The poll, by the Federation of Small Businesses (FSB), found 17 per cent of members had faced unfair dealing in the past two years.

The top five “most resented practices” were:

1.     Pay to stay. Also known as “supplier assessment charges” and “supplier investment payments”. The FSB said 5 per cent of respondents had been asked to make a payment or face de-listing.

2.     Long payment terms. “In effect this becomes an interest-free loan from firms in the supply chain to large companies with excessive payment terms,” said the FSB.

3.     Late payment. “Many companies are routinely exceeding agreed terms, or changing terms retrospectively to allow them to miss agreed payment dates,” said the FSB.

4.     Discounts for prompt payment.
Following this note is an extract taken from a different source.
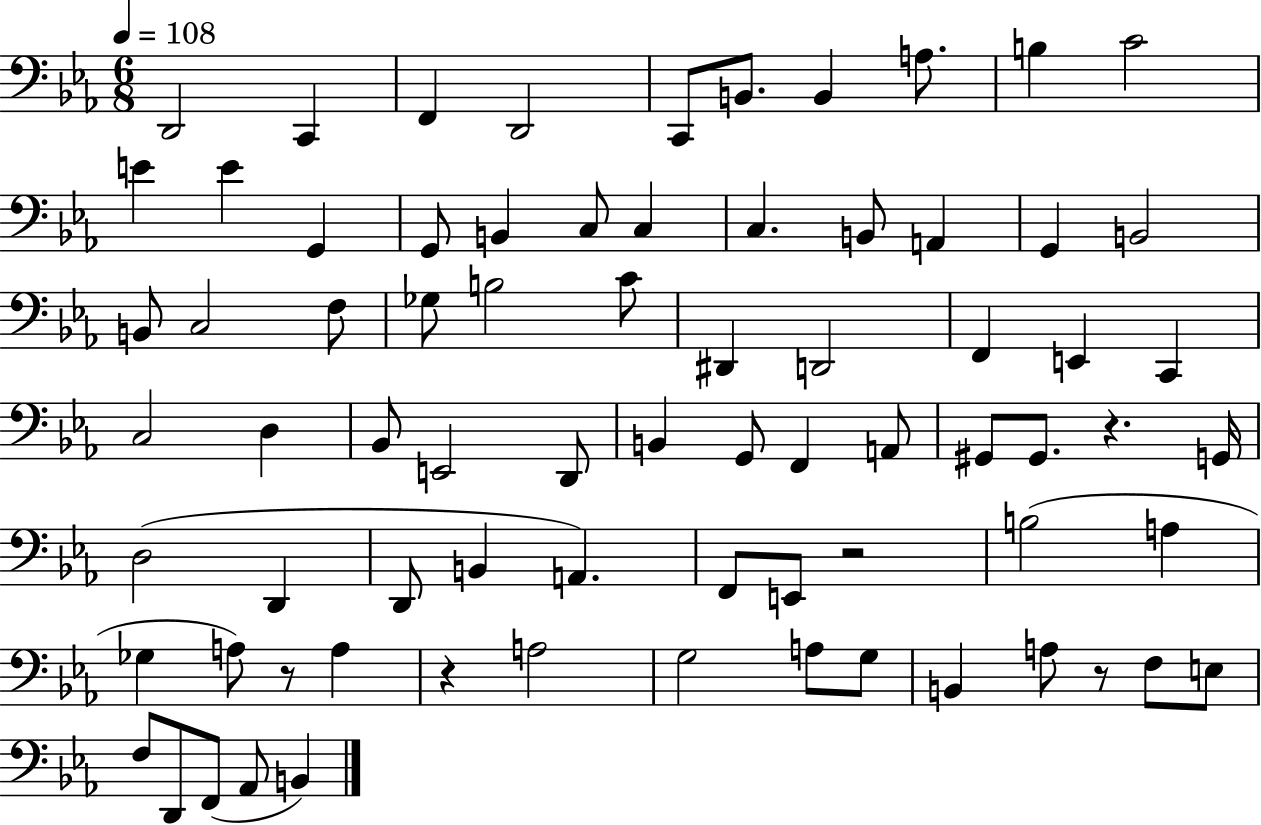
D2/h C2/q F2/q D2/h C2/e B2/e. B2/q A3/e. B3/q C4/h E4/q E4/q G2/q G2/e B2/q C3/e C3/q C3/q. B2/e A2/q G2/q B2/h B2/e C3/h F3/e Gb3/e B3/h C4/e D#2/q D2/h F2/q E2/q C2/q C3/h D3/q Bb2/e E2/h D2/e B2/q G2/e F2/q A2/e G#2/e G#2/e. R/q. G2/s D3/h D2/q D2/e B2/q A2/q. F2/e E2/e R/h B3/h A3/q Gb3/q A3/e R/e A3/q R/q A3/h G3/h A3/e G3/e B2/q A3/e R/e F3/e E3/e F3/e D2/e F2/e Ab2/e B2/q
The FSB described these as “arbitrary discounts big firms give themselves for paying early or even just on time”.

5.     Retrospective discounting. “Some firms seek to apply retrospective discounts to outstanding money owed to a supplier,” said the FSB. “This involves the company effectively changing the terms of the contract signed with the supplier after a contract has been agreed.”

The FSB wants the Prompt Payment Code toughened up, which the government intends to do, as well as “fresh measures to stamp out the most heinous examples of bad practice like retrospective discounting and pay to stay”.

John Allan, chairman of the FSB, said: “When the public think of their favourite brands, they are unlikely to connect them with the sort of immoral payment practices which are becoming all too common across an increasing number of industries.

“However, it is clear that whenever these examples come to light, the public shares the same sense of moral outrage as the small firms that have to put up with them on a daily basis.”

Allan said members were “fast approaching breaking point” and were “no longer prepared to put up with these sharp practices”. “Brands that think they can continue to squeeze their supplier with impunity may get a nasty shock when what they are doing comes to the attention of their consumers.”

The survey of 2,500 FSB members comes after Premier Foods was criticised for asking suppliers for payments. The firm has since made changes to its ‘invest for growth’ programme to “simplify the details of its future programme to a more conventional type of discount negotiation potentially based on price, value or volume-based rebates, or lump sums”.